EXERCISE BRIEF:
The answer must be an exact copy of the lines from the one containing "Shantou Railway Station" through the end of the records, with the pictures left out.
*** DATA IN THIS EXERCISE ***
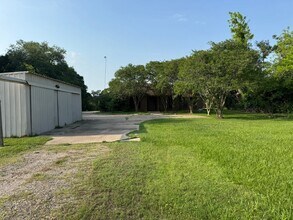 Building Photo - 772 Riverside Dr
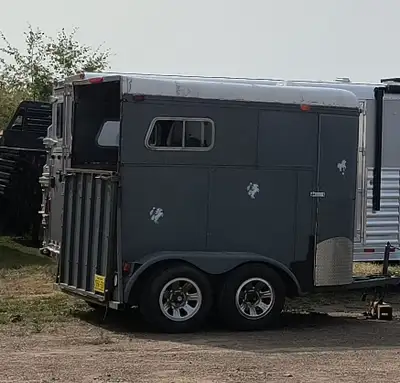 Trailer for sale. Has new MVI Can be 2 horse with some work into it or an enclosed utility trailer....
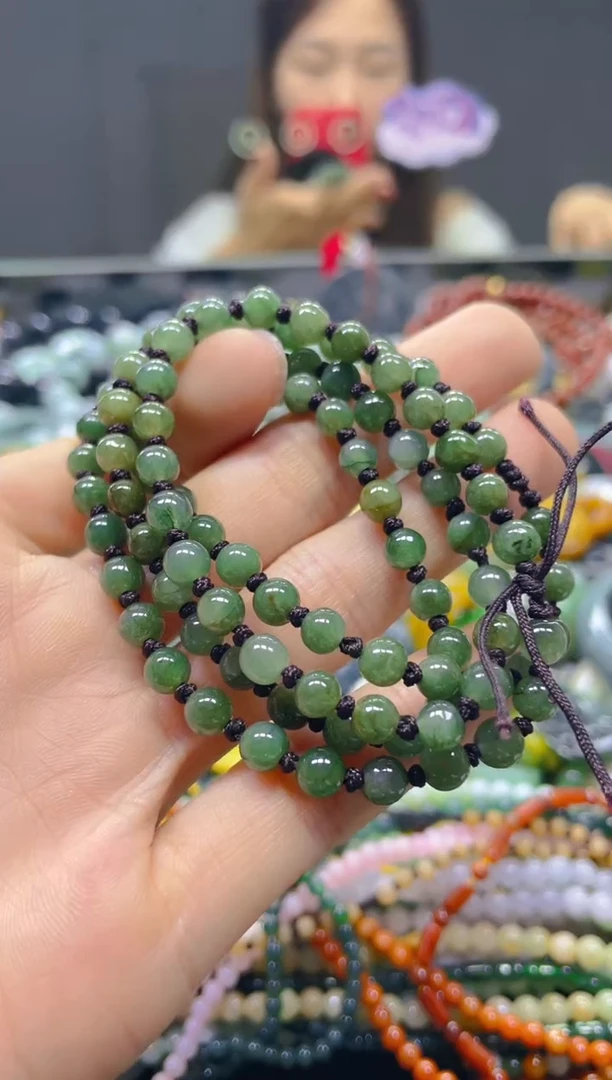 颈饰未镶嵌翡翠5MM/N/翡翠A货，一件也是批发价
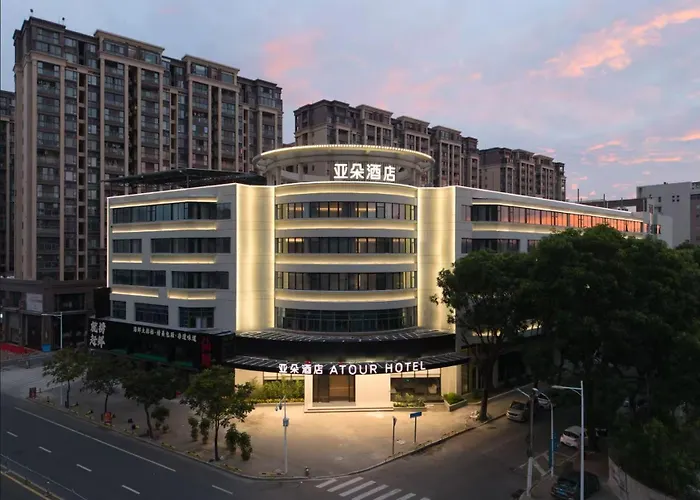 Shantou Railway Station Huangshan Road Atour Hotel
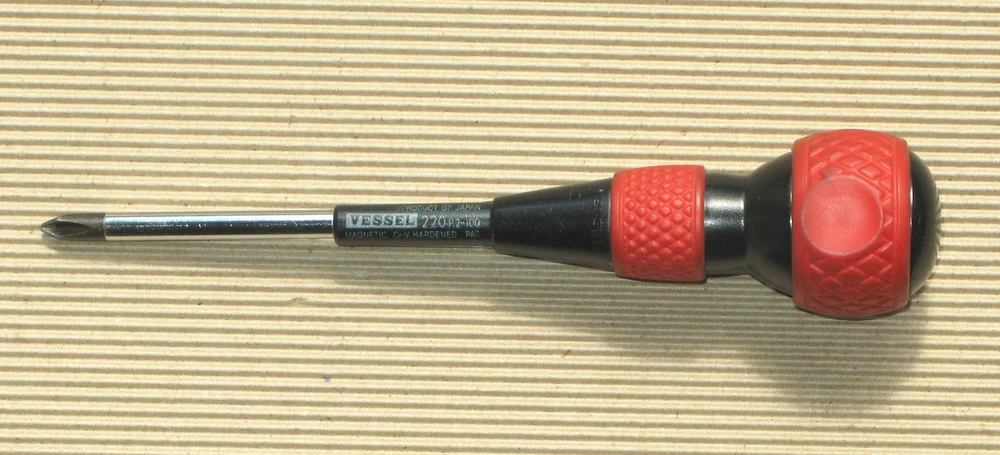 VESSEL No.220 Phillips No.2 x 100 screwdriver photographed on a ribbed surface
***
RESPONSE:
 Shantou Railway Station Huangshan Road Atour Hotel
 VESSEL No.220 Phillips No.2 x 100 screwdriver photographed on a ribbed surface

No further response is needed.